À la fois amis et rivaux, les quatre hommes peignaient le portrait des uns et des autres et traînaient ensemble à Soho, dans le centre de la capitale. Lucian Freud et Frank Auerbach ont par ailleurs tous les deux fui l’Allemagne nazie étant enfants. Selon M. Calvocoressi, les quatre artistes avaient un “besoin de rajeunir” la peinture représentative “et c’est ce qu’ils ont fait pendant un demi-siècle en gardant l’humain comme sujet principal de leur art”.

Point fort de l’exposition : le portrait réalisé par Michael Andrews de Lucian Freud et de Francis Bacon avec la modèle Henrietta Moraes. Londres est également au cœur de l’événement qui rassemble un tableau montrant la vue du studio londonien de Freud et une peinture de Primrose Hill – grand parc de la capitale – par Auerbach.

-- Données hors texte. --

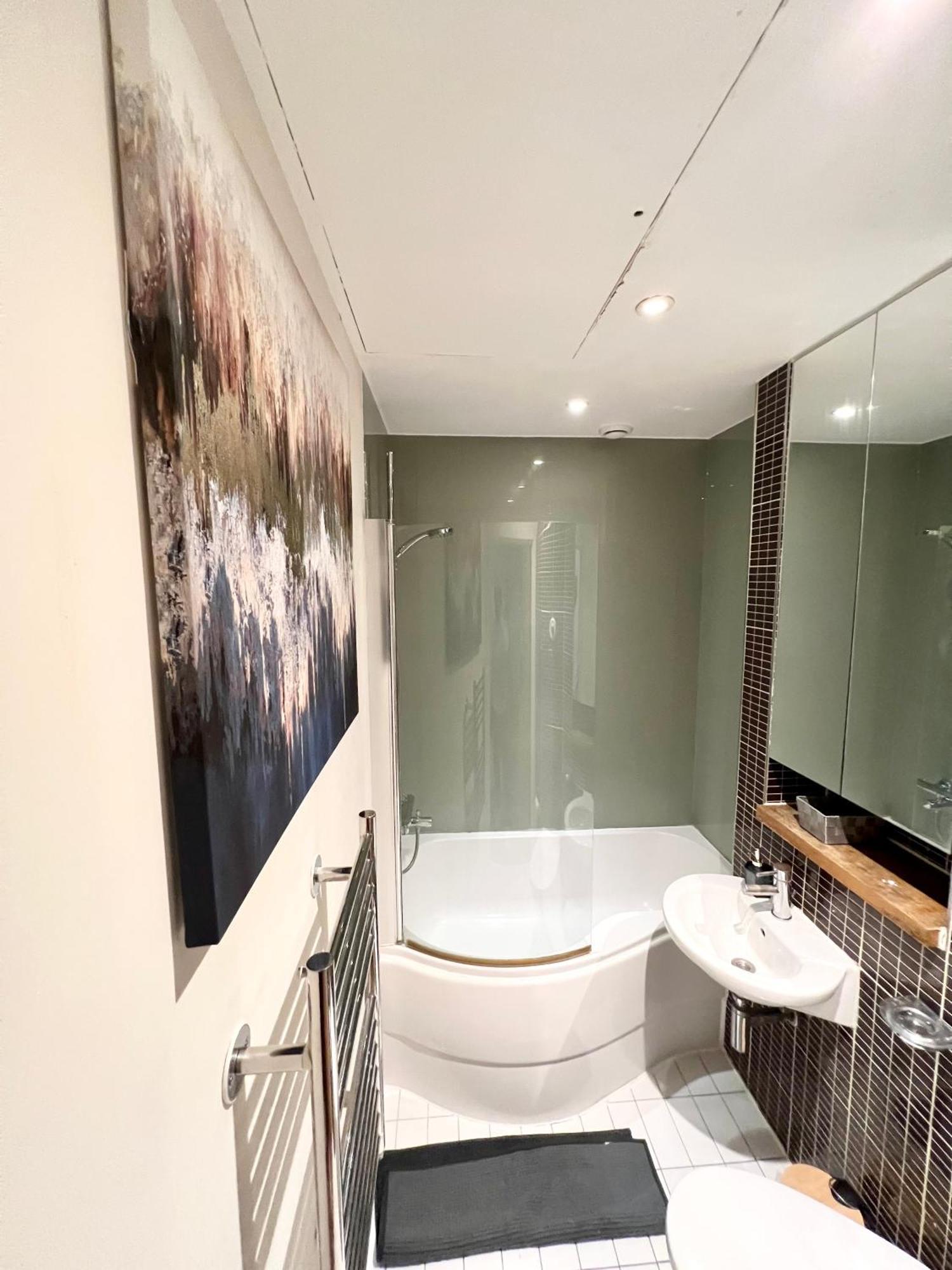 Luxury With Super Fast Wifi Gated Development Londres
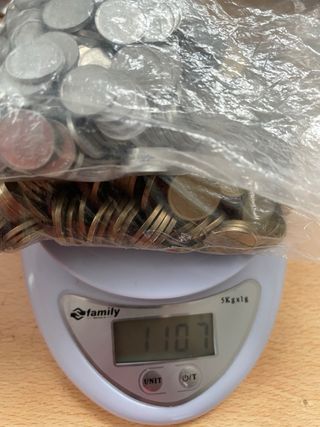 Màs de 1 kg monedas 5 y 1 pesetas
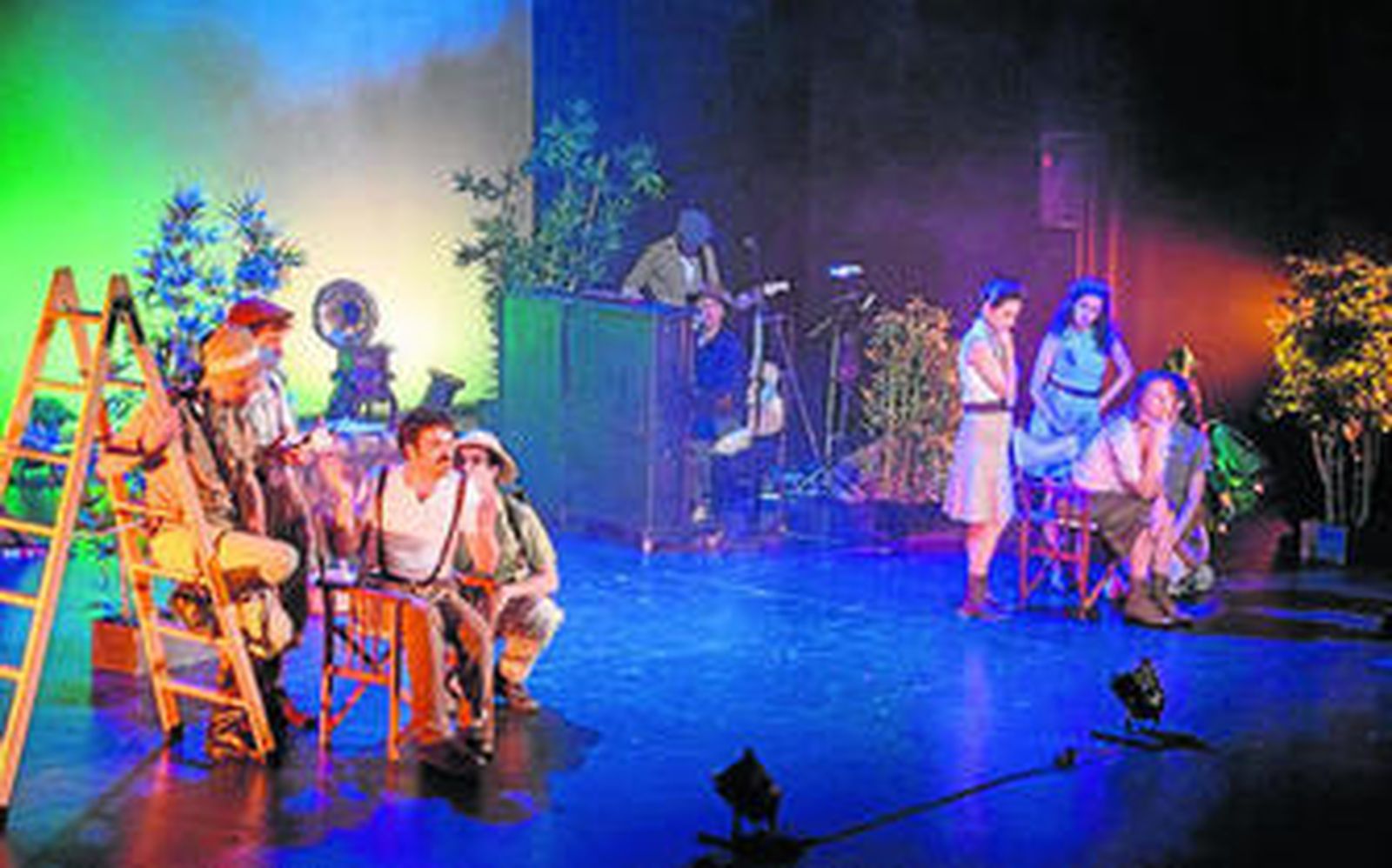 El musical con mucho dinamismo gustó mucho al público que se dio cita en el Maestro Padilla.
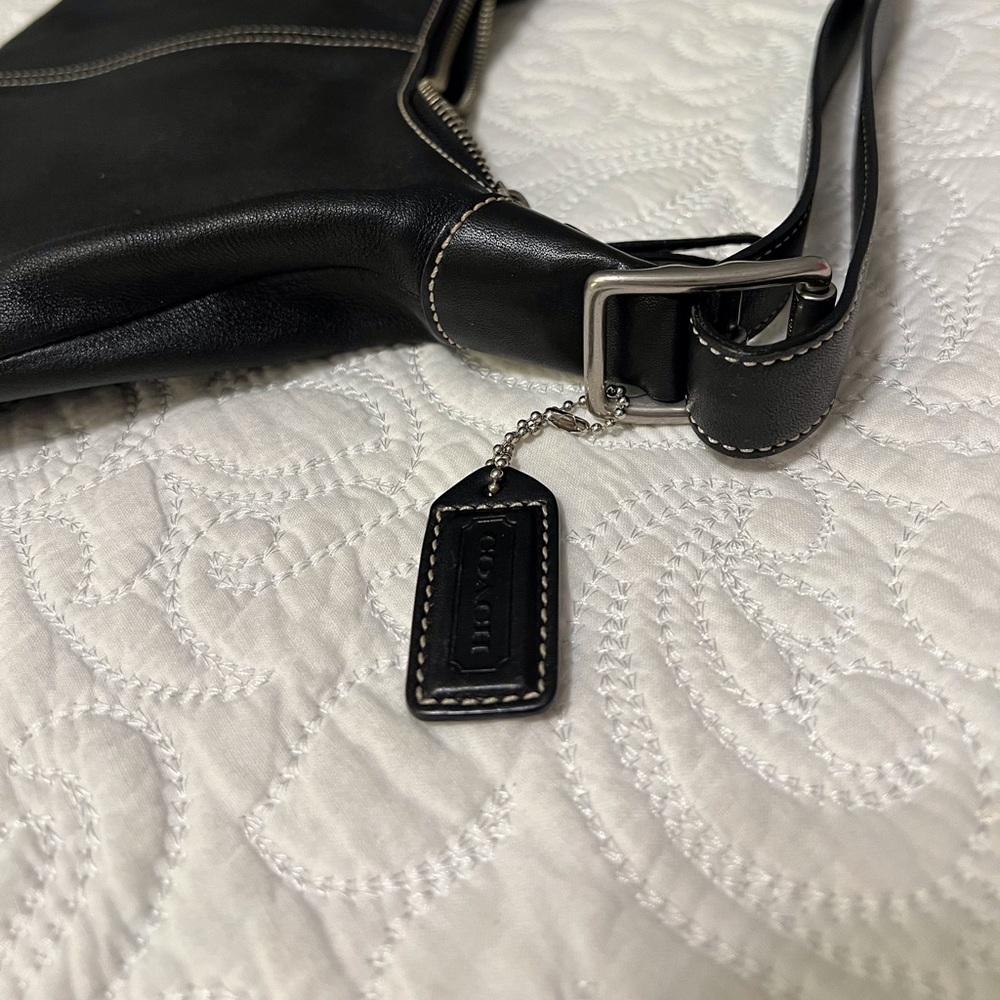 Woman’s black bag - Picture 6 of 7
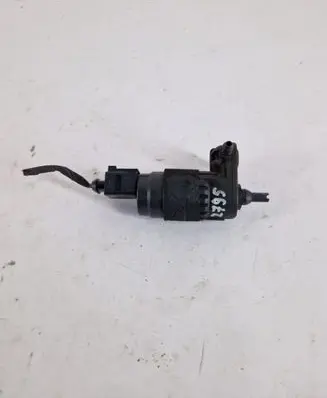 Audi A4 S4 B8 8K Windscreen/windshield washer pump 8K9955647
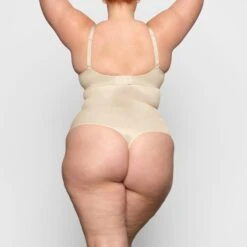 BARELY THERE HIGH-WAISTED THONG | SAND -Underwear Specialty Shop SKIMS SHAPEWEAR SH HWT 0532 ZB SND 0019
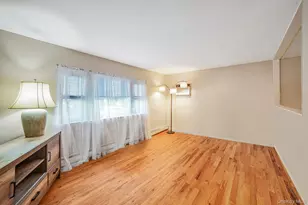 23 Holiday Park Dr, Centereach, NY 11720 - Photo 6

Quelque 40 tableaux sont exposés, tirés de collections publiques et privées, dont de nombreux portraits de chaque artiste réalisés par le reste du quatuor. Pour M. Calvocoressi, les quatre hommes étaient les artistes “les plus radicaux” de leur génération. “Ils parlaient sans cesse d’art […]. Ils formaient un groupe à part” à une époque où les gens se tournaient vers l’art pop, conceptuel ou minimaliste.

Selon le conservateur, “de nombreux artistes ont perdu foi en l’humanité et en la peinture” après le nazisme. Mais les quatre amis “ont gardé leur intérêt pour la forme humaine” et Freud en particulier “s’est perfectionné dans le portrait nu plus que les autres”.

Parmi les autres œuvres exposées, on trouve des toiles représentant des épouses, amant·e·s, modèles, enfants et parents des artistes, comme le Portrait d’un homme qui descend un escalier – hommage de Bacon à son amant George Dyer qui a mis fin à ses jours en 1971 – ou encore Portrait nu sur un canapé rouge qui représente la fille de Freud, Bella.

Ce tableau, peint entre 1989 et 1991 quand Bella avait une vingtaine d’années, avait été qualifié par l’ami du peintre et photographe Bruce Bernard de son “œuvre la plus audacieuse et sensible”. Des quatre peintres, seul Frank Auerbach est toujours en vie à 91 ans. Bacon est mort en 1992, Andrews en 1995 et Freud en 2011.